What you are asked to do: The listing below must be repeated word for word, with its images excluded.

Data for this task:
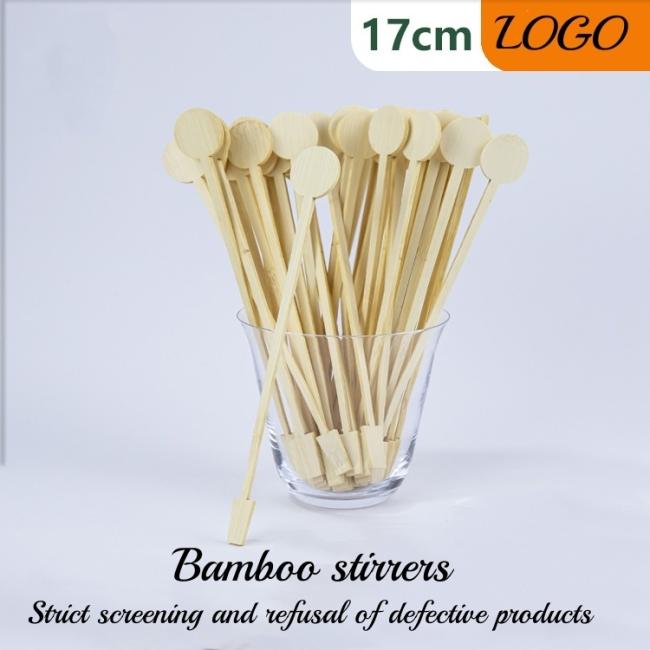 Natural Custom Wood Coffee Tea Stirrer Sticks Biodegradable Individually Stirrers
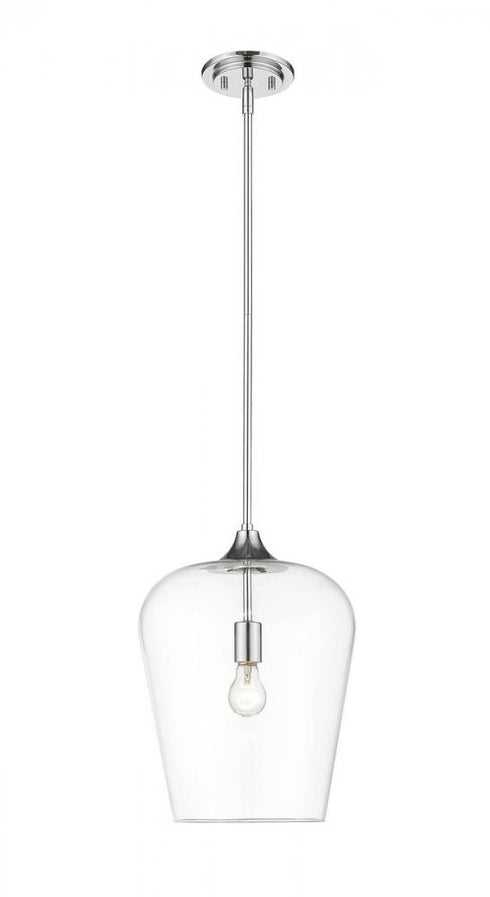 Z-Lite Joliet 1 Light Pendant in Brushed Nickel Finish Model: 473P12-BN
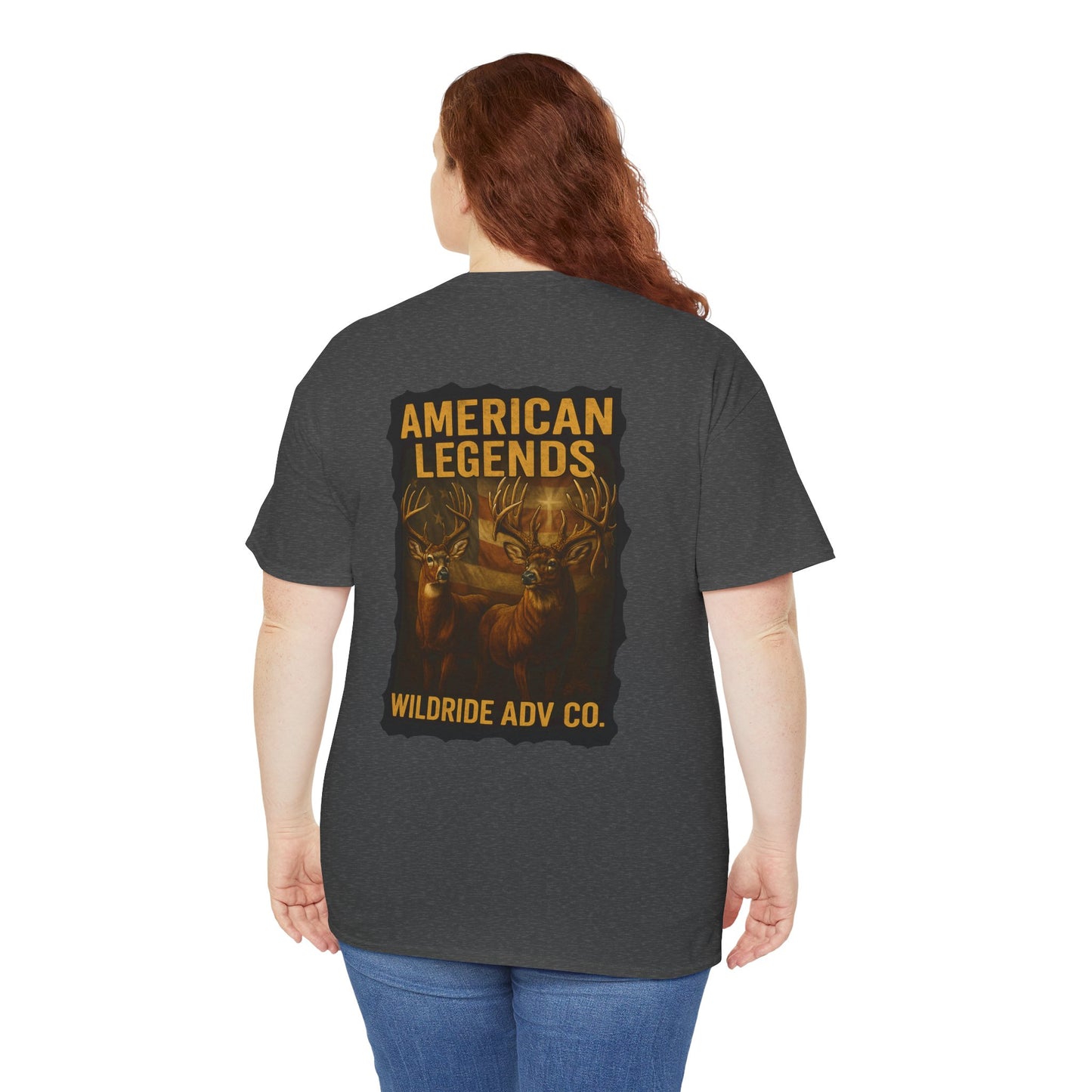 American Legends (Deer), Vintage Graphic Tee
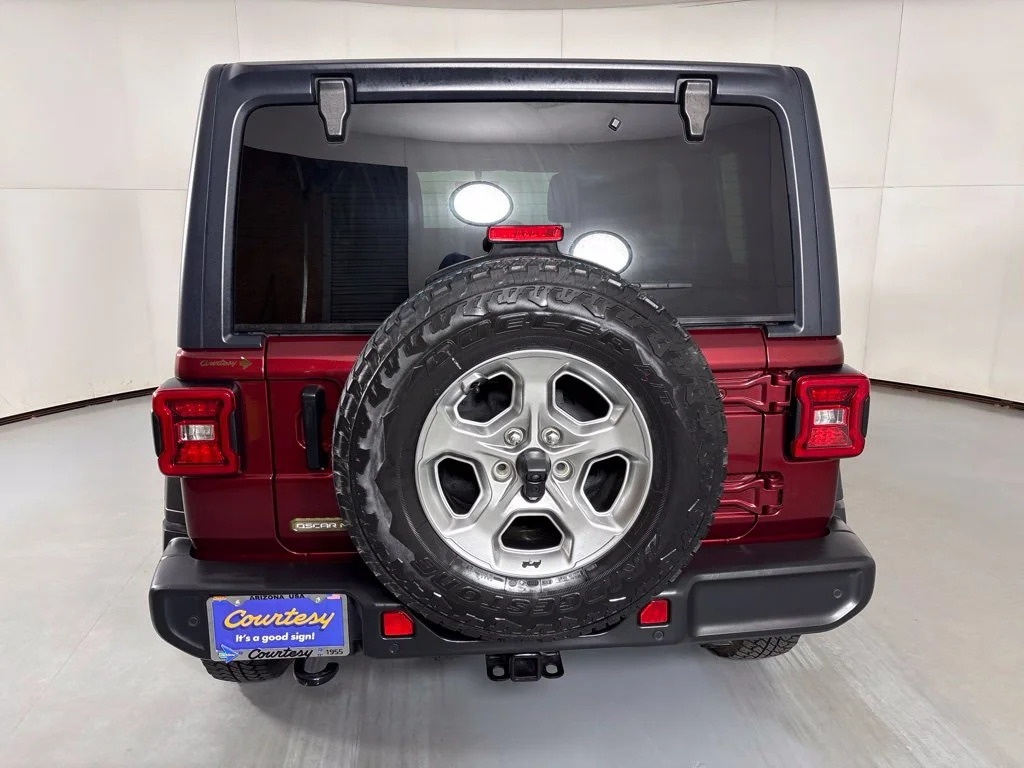Used 2021 Red Jeep Unlimited Sport image 7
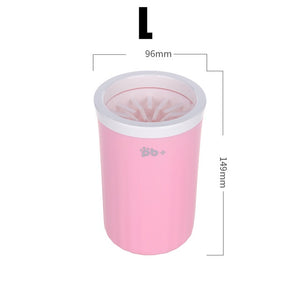portable dog paw cleaner cup pink b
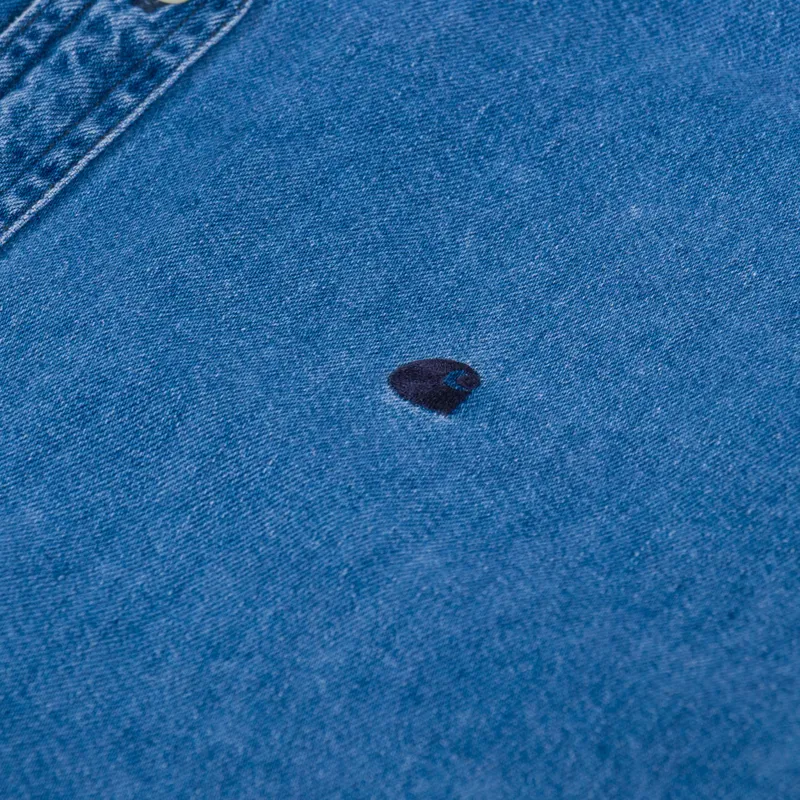 Carhartt WIP Lucas Shirt Blue Stone Washed-6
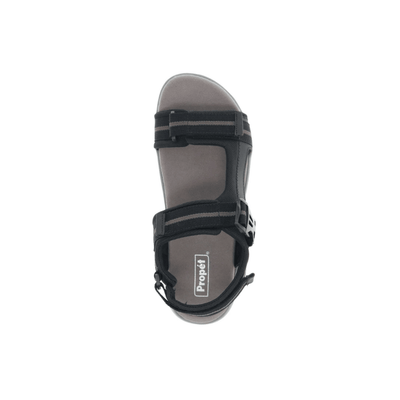 Propét Eli Men's Adjustable Walking Sandals - Black/Grey 3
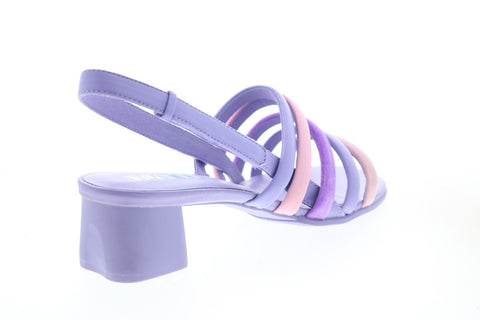 Camper Tws K201024-001 Womens Purple Leather Slip On Slingback Sandals Shoes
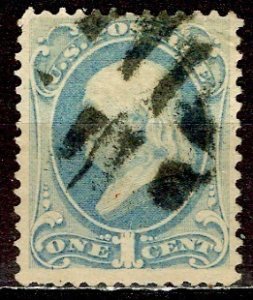 U.S.A.; 1873; Sc. # 156;  Used Single Stamp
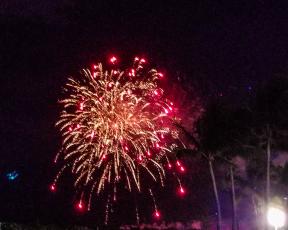 Light Up Amelia will have a fireworks show Sunday night in downtown Fernandina Beach.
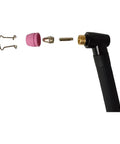 High Performance Plasma Cutting Torch Consumables For Ag-60 And Sg-55 With Ceramic Shield Cap Tip Nozzle Set components displayed
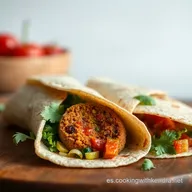 Wraps Veganos Falafel Receta: &iexcl;Sabor Mediterr&aacute;neo F&aacute;cil!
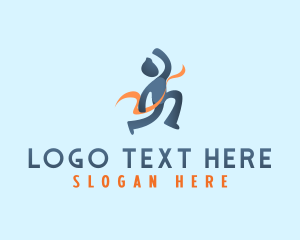 Runner - Human Marathon Runner logo design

Output below:
 Natural Custom Wood Coffee Tea Stirrer Sticks Biodegradable Individually Stirrers
 Z-Lite Joliet 1 Light Pendant in Brushed Nickel Finish Model: 473P12-BN
 American Legends (Deer), Vintage Graphic Tee
Used 2021 Red Jeep Unlimited Sport image 7
portable dog paw cleaner cup pink b
 Carhartt WIP Lucas Shirt Blue Stone Washed-6
 Propét Eli Men's Adjustable Walking Sandals - Black/Grey 3
 Camper Tws K201024-001 Womens Purple Leather Slip On Slingback Sandals Shoes
 U.S.A.; 1873; Sc. # 156;  Used Single Stamp
 Light Up Amelia will have a fireworks show Sunday night in downtown Fernandina Beach.
 High Performance Plasma Cutting Torch Consumables For Ag-60 And Sg-55 With Ceramic Shield Cap Tip Nozzle Set components displayed
 Wraps Veganos Falafel Receta: &iexcl;Sabor Mediterr&aacute;neo F&aacute;cil!
 Runner - Human Marathon Runner logo design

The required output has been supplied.